Active learning techniques
To promote an environment of passionate and engaged learning, teachers make use of a variety of active learning techniques to make students responsible for their learning. Frequently used techniques include “think-pair-share” activities, case studies, debates, informal quizzes, research proposals, study trips, and ‘real life’ consulting projects.
Research-oriented teaching formats
Researchers at the China Studies Institute incorporate their most current research-based knowledge into the coursework. This allows students to develop mindsets geared towards scientific, curious and critical thinking, and to benefit from the diversity and quality of research carried out by the Institute’s scientists. These formats not only prepare students to undertake their own field research in China, but also train them in collecting, reading and analyzing Chinese language materials.
Teaching examples in the BA/MA programs in Chinese studies at the FU:
This course is designed in collaboration with the Graduate School of East Asian Studies (GEAS). It allows advanced Master’s students to deepen their knowledge about Chinese policy-making and institutions by working on a case study from a comparative perspective. Students will work in teams and collect first teaching experience by acting as China experts for their fellow students focusing on Japan and Korea.

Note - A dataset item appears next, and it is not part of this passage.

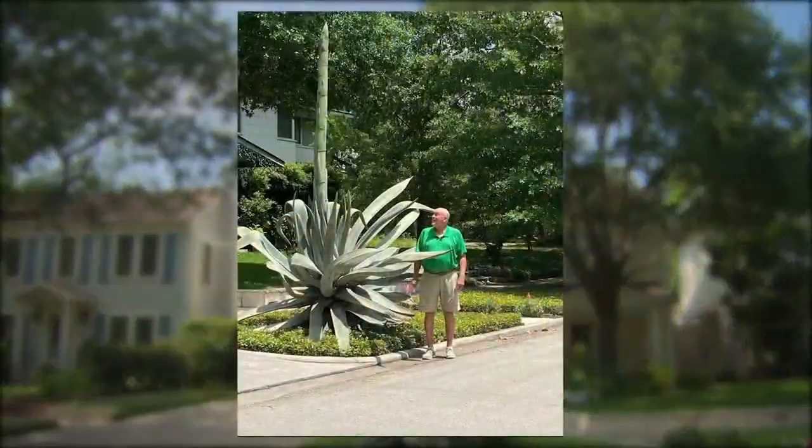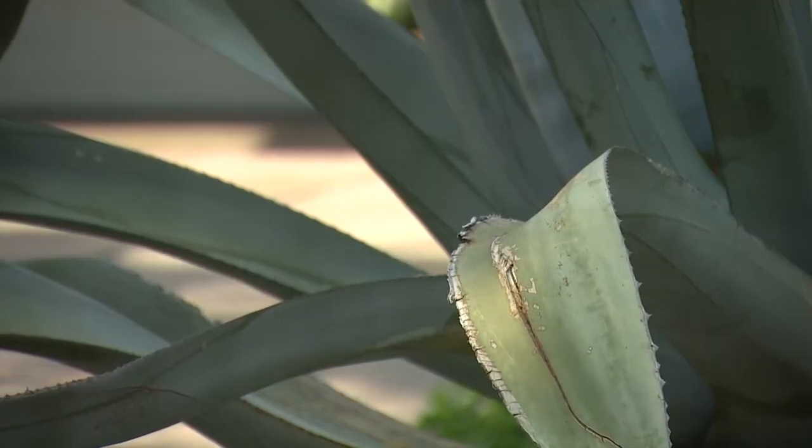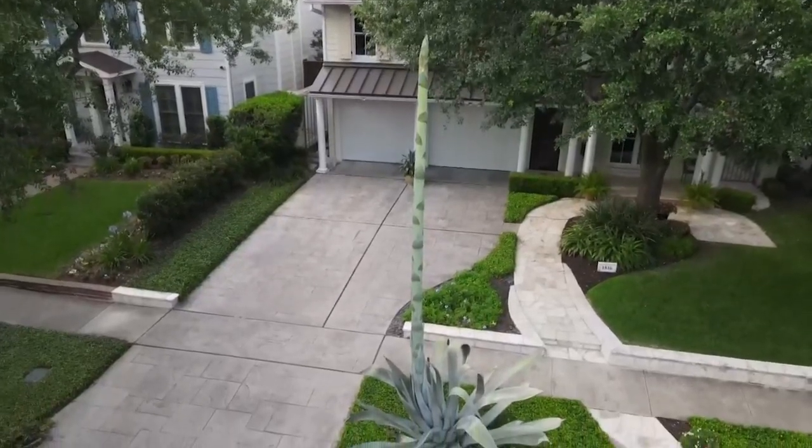Curious drivers stop their cars to take a picture next to the magic stalk before it's gone. But if people are waiting to see fireworks once the flowers bloom, they'll likely be disappointed, de La Mota says.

In this course, Master students work jointly with a Professor in advising a ‘client’. Clients are usually a company, think tank, or ministry in Berlin, requiring answer to a complex ‘real-life’ problem related to China. Students will be asked to apply the consulting skills learned in class to an actual case. They also learn to work together in teams and will receive feedback from the client during mid-term and final presentations.
The new Massive Online Course (MOC) on Chinese history offers a comprehensive overview of Chinese history. Students use video-based online sources (“inverted classroom”) to learn about Chinese history. This new and flexible form of self-learning is combined with regular class room discussions.
In this course, students learn the basics on how to develop a methodologically and theoretically sound research project. Students first read and reflect upon text book material on social science research, and then conduct their own small research project by collecting primary data in Berlin.